## Try it
Could you write out, exactly as they stand, only the lines in the listing below from the line with "ABS-Fußstütze Unter Dem" to the line with "The Doors –", both ends included, without the pictures?

## Data to examine
___
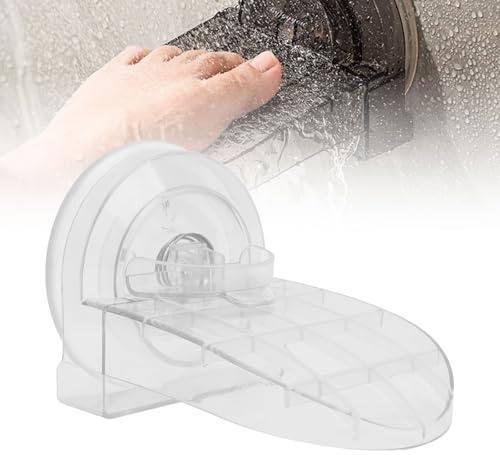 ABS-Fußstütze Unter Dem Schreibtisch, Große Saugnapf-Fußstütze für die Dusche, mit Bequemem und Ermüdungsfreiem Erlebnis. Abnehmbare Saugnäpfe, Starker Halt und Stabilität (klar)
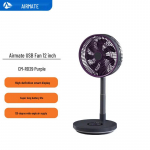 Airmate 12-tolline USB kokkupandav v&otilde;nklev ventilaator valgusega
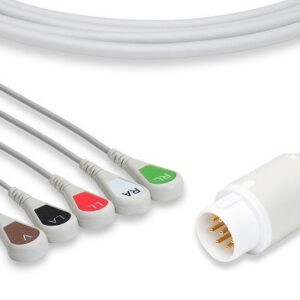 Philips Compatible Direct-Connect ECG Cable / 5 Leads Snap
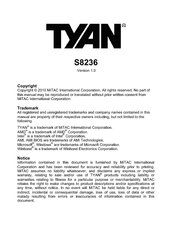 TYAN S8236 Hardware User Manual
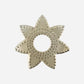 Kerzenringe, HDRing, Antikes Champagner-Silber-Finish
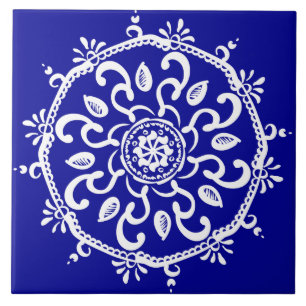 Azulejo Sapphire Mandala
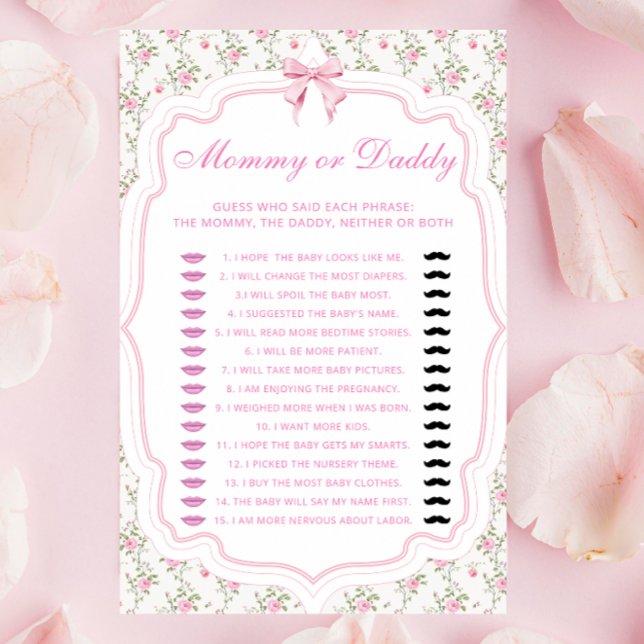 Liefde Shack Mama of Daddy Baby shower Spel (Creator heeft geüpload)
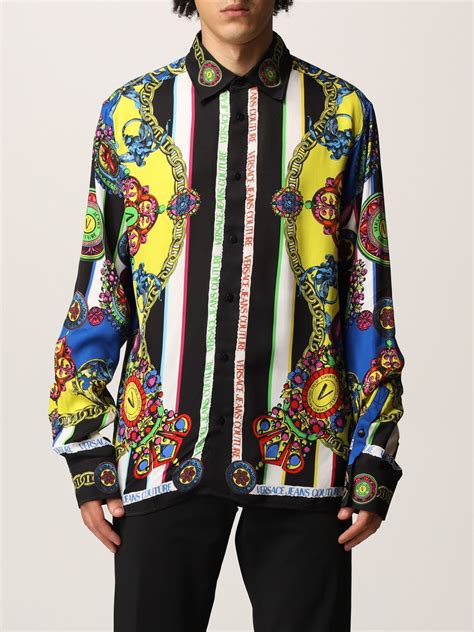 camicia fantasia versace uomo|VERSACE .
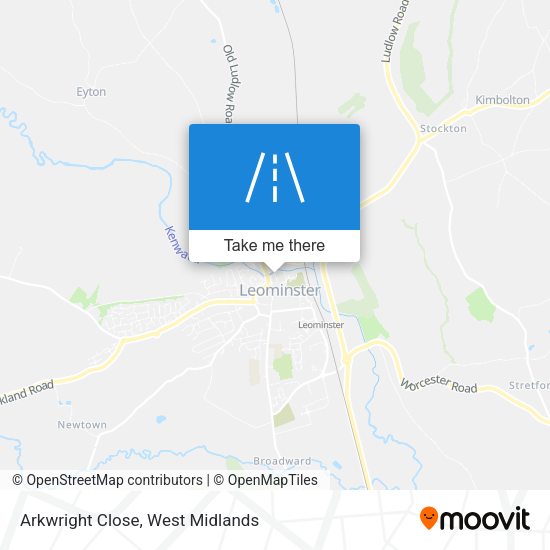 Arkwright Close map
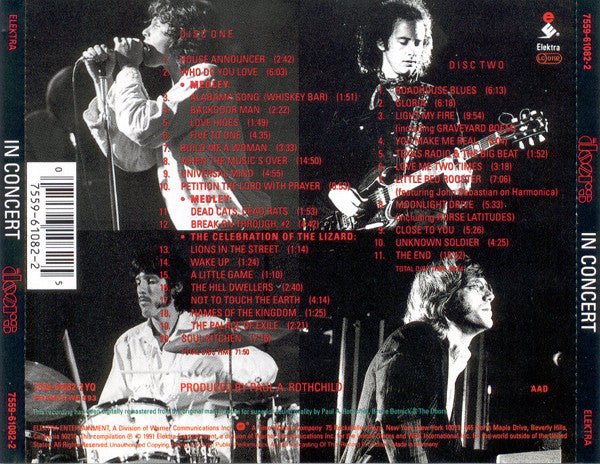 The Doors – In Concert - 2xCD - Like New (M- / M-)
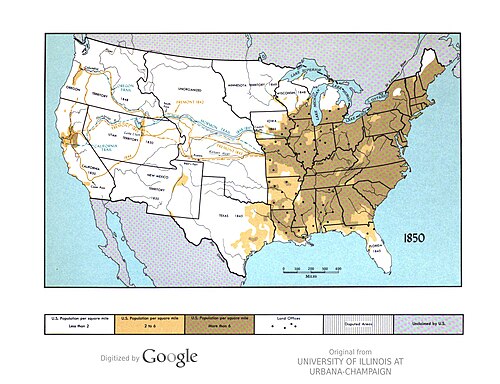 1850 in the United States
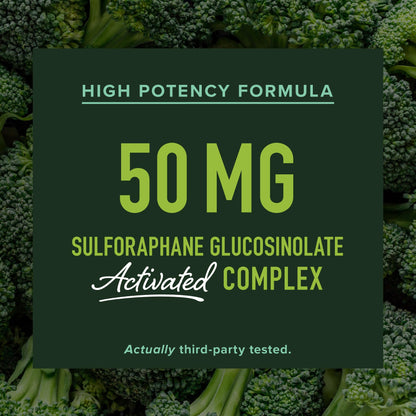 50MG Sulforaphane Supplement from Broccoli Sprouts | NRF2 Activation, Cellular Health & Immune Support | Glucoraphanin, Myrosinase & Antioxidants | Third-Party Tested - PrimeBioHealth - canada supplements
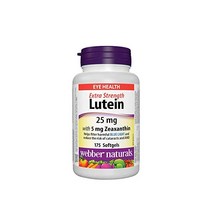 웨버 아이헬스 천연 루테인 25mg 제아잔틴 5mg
___
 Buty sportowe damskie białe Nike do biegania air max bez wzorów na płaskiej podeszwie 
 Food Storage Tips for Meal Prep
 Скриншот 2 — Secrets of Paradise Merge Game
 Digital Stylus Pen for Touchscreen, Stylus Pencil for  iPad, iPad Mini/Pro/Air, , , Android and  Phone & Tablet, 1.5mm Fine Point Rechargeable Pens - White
___
## Output for this exercise
 ABS-Fußstütze Unter Dem Schreibtisch, Große Saugnapf-Fußstütze für die Dusche, mit Bequemem und Ermüdungsfreiem Erlebnis. Abnehmbare Saugnäpfe, Starker Halt und Stabilität (klar)
 Airmate 12-tolline USB kokkupandav v&otilde;nklev ventilaator valgusega
 Philips Compatible Direct-Connect ECG Cable / 5 Leads Snap
 TYAN S8236 Hardware User Manual
 Kerzenringe, HDRing, Antikes Champagner-Silber-Finish
 Azulejo Sapphire Mandala
 Liefde Shack Mama of Daddy Baby shower Spel (Creator heeft geüpload)
 camicia fantasia versace uomo|VERSACE .
 Arkwright Close map
 The Doors – In Concert - 2xCD - Like New (M- / M-)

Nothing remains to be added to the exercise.